"Eveline"
James Joyce
Throughout the story, Eveline balances her desire to escape her fading home and dedication to her family. Through imagery, the speaker conveys the idea that she is losing much of what she enjoyed during her childhood but still feels inexplicable attachment. Despite the expected grandeur of running off with Frank, the speaker argues that home's imperfections can never sever one's attachment to his or her childhood.
From the very first sentence, an atmosphere of defense is assumed. "She sat at the window watching evening invade the avenue. Her head was leaned against the window curtains and in her nostrils was the odor of dusty cretonne. She was tired," (Joyce, 218). The opening imagery foreshadows the coming descriptions of Eveline's current life.
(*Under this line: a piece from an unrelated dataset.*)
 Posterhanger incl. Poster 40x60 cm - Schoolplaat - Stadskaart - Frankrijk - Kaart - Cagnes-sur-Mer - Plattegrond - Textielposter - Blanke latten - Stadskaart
Whereas once she played in a field with all of the other children and her siblings, the field is now filled with houses build by a foreigner and her sister has passed. Whereas once Eveline's mother shielded the children from their father's violence, she was now dead and her father threatened Eveline herself. New situations had begun to invade Eveline's life. The open spaces and peace of her childhood had given way to modern accommodations and fear.
Frank seemed to be the only stability in her life with his promises of adventure and societal status in Buenos Aires. However, like the subjects of her lamentations, both Frank and Buenos Aires were foreign and unknown.
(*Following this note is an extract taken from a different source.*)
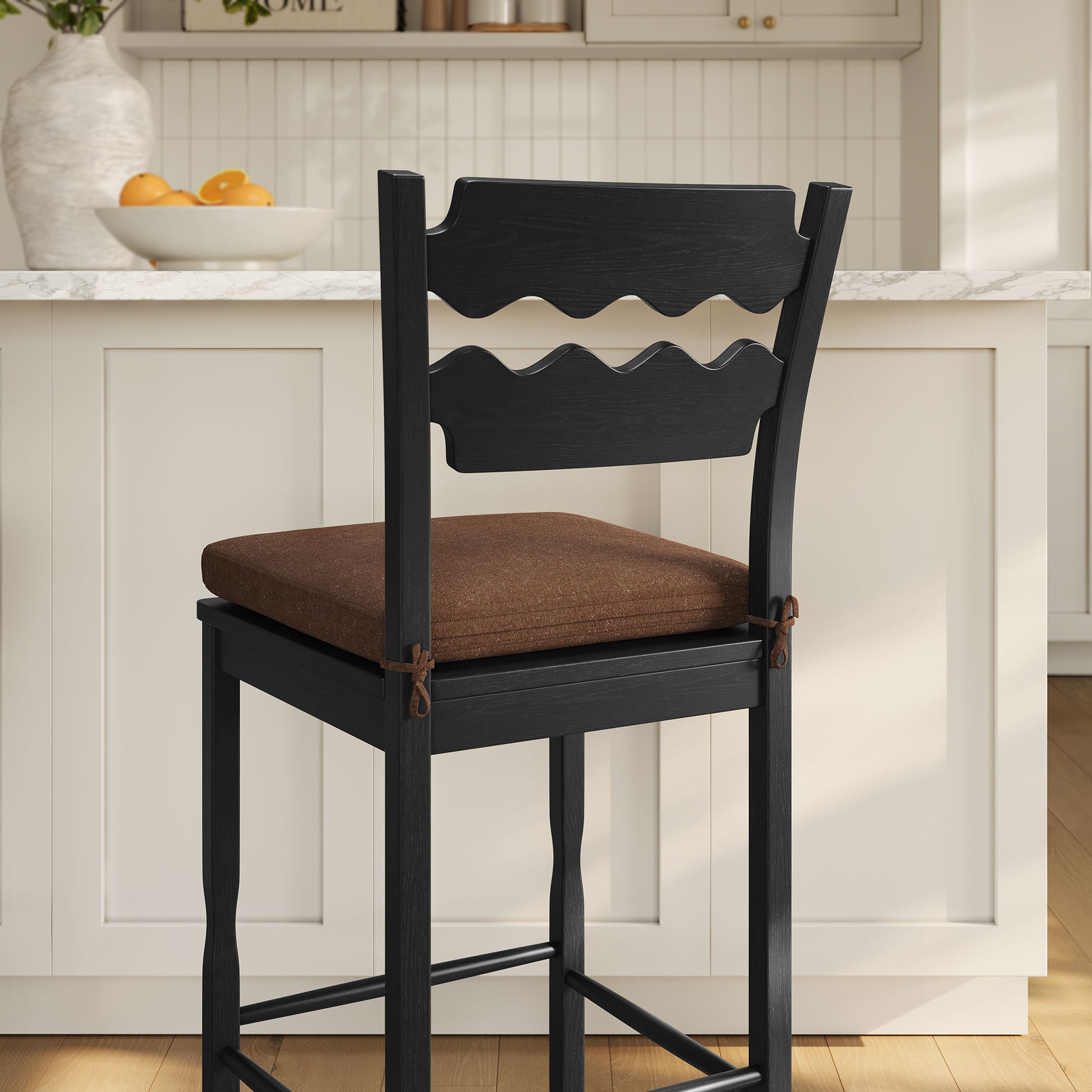 Jax Oak Wood Bar Stool With Wavy Razor Back and Cushion by Modway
Like the dust in her nostrils, some memories of happiness from a bygone era remained for some reason. Eveline had promised her mother to care for the house as long as she could. Although her family was in turmoil, memories of peaceful picnics and her father's bedtime stories gave her hope of happiness to come.
When Eveline refused to leave, she suggested to the reader that family is all anyone has that can guarantee true peace and safety.